Sorry, let me try to elaborate further:
I created a custom track from data in an existing cluster:
esrally create-track --track=test-track --target-hosts=127.0.0.1:9200 --indices="articles" --output-path=~/tracks
The track generator generated a json file with the documents from my cluster:
// documents.json file
{"contentType":"page", "contentId": 1, "title":"hello world"}
{"contentType":"post", "contentId": 2, "title":"hello world"}
{"contentType":"page", "contentId": 3, "title":"hello world"}
{"contentType":"page", "contentId": 4, "title":"hello world"}
{"contentType":"post", "contentId": 5, "title":"hello world"}
{"contentType":"post", "contentId": 6, "title":"hello world"}
- Note here that the generator only outputs the source data and doesn't preserve any of the self-defined IDs the documents might have.

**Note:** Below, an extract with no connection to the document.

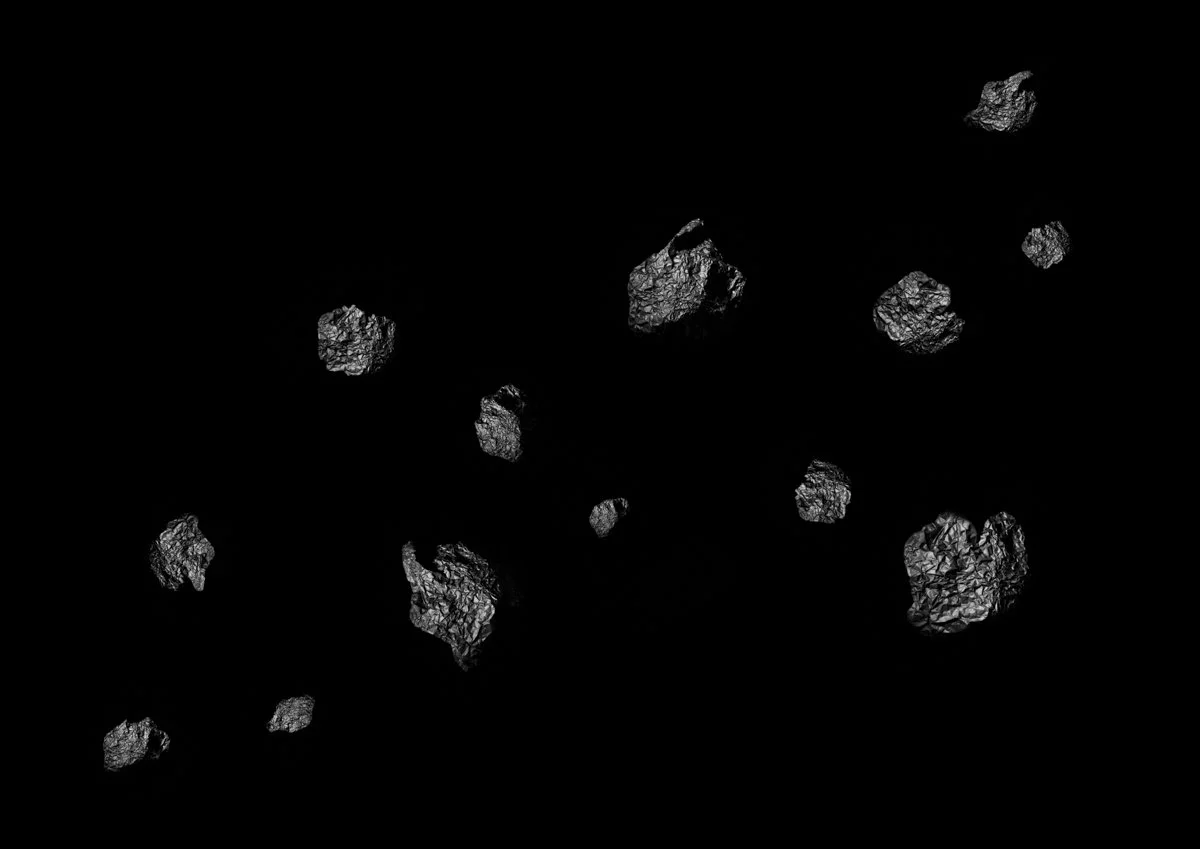 Black Cluster_240 res_861 x 1217.25mm.jpg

In my track.json, I reference my source file within the corpora and the operations I want to run:
"corpora": [
{
"name": "test-documents",
"documents": [
{
"source-file": "documents.json",
"document-count": 6,
"uncompressed-bytes": 123
}
]
}
]
"schedule": [
{
"operation": {
"operation-type": "delete-index"
}
},
{
"operation": {
"operation-type": "create-index"
}
},
{
"operation": {
"operation-type": "cluster-health",
"request-params": {
"wait_for_status": "green"
}
}
},
{
"operation": {
"operation-type": "bulk",
"bulk-size": 5
},
},
]
The bulk operation indexes the documents with auto-generated IDs (expected), but I want to use self-defined IDs. I went ahead and modified the documents.json file to include the _id
on each document. It follows the structure of the bulk API:
// modified documents.json file
{ "index" : { "_index" : "articles", "_id" : "1" } }
{"contentType":"page", "contentId": 1, "title":"hello world"}
{ "index" : { "_index" : "articles", "_id" : "2" } }
{"contentType":"post", "contentId": 2, "title":"hello world"}
{ "index" : { "_index" : "articles", "_id" : "3" } }
{"contentType":"page", "contentId": 3, "title":"hello world"}
{ "index" : { "_index" : "articles", "_id" : "4" } }
{"contentType":"page", "contentId": 4, "title":"hello world"}
{ "index" : { "_index" : "articles", "_id" : "5" } }
{"contentType":"post", "contentId": 5, "title":"hello world"}
{ "index" : { "_index" : "articles", "_id" : "6" } }
{"contentType":"post", "contentId": 6, "title":"hello world"}
The documents are successfully inserted when I re-run the track, but the IDs are still autogenerated. The self-defined IDs seem to be ignored.